Interview with Renowned Afrobrazilian designer : Angela Brito

10 November 2018  


Interview With A Black Woman Stylist


What image do you have when someone talks about African and Diaspora fashion? The vast majority of people imagine colours, prints and ruffles. Invariably and sadly, everything we think about an entire continent is ruled by schism. We envision a whole continent as exotic, miserable and that "needs our charity". We forget how plurality is possible. When I met the brand of ANGELA BRITO, from Cape Verdean Angela Brito, I thought: that's what I was looking for!


Through a sophisticated and minimalist design, full of cut and at the same time discreet, Angela Brito shows her identity, honours its origins and with this shows that there is an incredible job being done by black women - and has not received the deserved distinction still. When I saw Angela's work, I thought that her dresses, overalls, skirts, colours and even the aesthetic form that presents her work are inspiring.



Today we talk so much about highlighting the work of black people and Diaspora women, and Angela has been working for four years with a design that needs to be emphasised and valued. Angela needs to be in parades that appreciate young designers. Angela needs to be known to us, black people, and also to those who are not. Angela needs to have her beautiful works recognised. This is an attempt to do this. Know the work of Angela Brito from the interview she had in Brazil with someone whose identity would instead be withheld.



What influenced you to become a stylist?


I grew up in Cape Verde in the 1980s, and there was no access to clothing like today. My mother used to sew - well, by the way - all our clothes and I, the oldest of five siblings, liked to help her. What amused me most was to scratch and organise the modelling. Over time, I started to sew some of them, and so it was ... All my passion and my work began as a child's play.

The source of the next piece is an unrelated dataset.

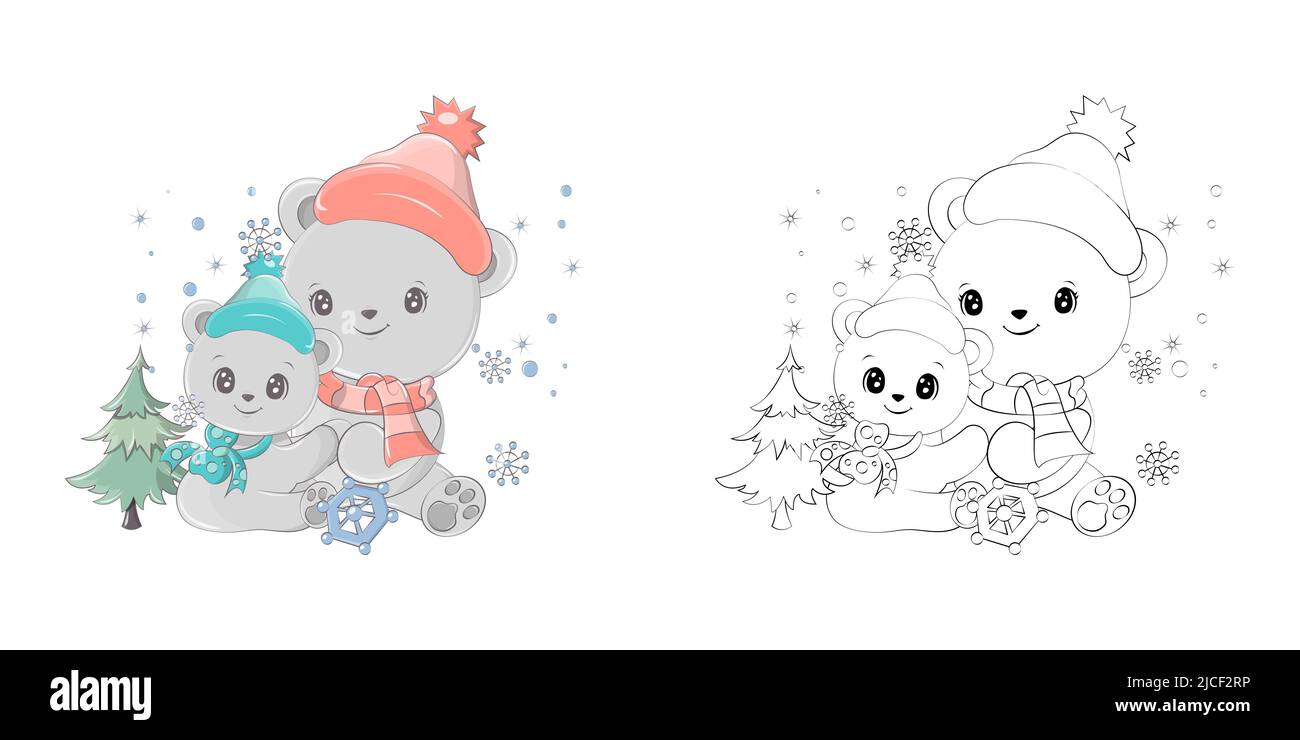 Bear Clipart für Malseite und mehrfarbige Illustration. Baby Clip Art Bear mit Mama. Vektor-Illustration eines Tieres für Malvorlagen, Drucke Stock Vektor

When I saw that the clothes that Chimamanda wears are of Nigerian stylists, I was delighted. I thought how their design did not fit the idea of African fashion that many people stereotyped. How do you think your roots influence your aesthetic?


Africa is a continent. Each country has a complex cultural heritage and, despite the idea of homogeneity, each carries its own aesthetic identity. Another question is the preconceived idea about this "African fashion", which fits it into a place outside contemporary times. Expect only ultra-coloured prints with ethnic elements. In Cape Verde, for example, we carry a certain austerity in the cut and colours and an elegance of our own. Since I was a little girl, I was surrounded by a lot of black and white, pleated skirts, tailor shirts and waist to "sulada".


How does this manifest itself in your production and design?


These elements influenced me and are still present in my creations. Tailoring comes from the Cape Verdean cradle, but these elements began to dialogue with the idea of deconstruction and asymmetry after many years working in the technological area when numbers were part of my daily life. This has somehow interfered with the way I see bodies wearing these clothes. I'm in love with this structural, almost engineering, dress.



Finally, have you faced any difficulties as a black and foreign entrepreneur in Brazil?


They always ask me that question. I believe that not only here, but for being black and having spent more than half of my life as a foreigner (before Portugal and then Brazil), I inhabit a non-place in the world and in fashion. When you are out of your country, it is like floating on the edge amidst an ocean of possibilities, but as I was born on an island and I love to swim.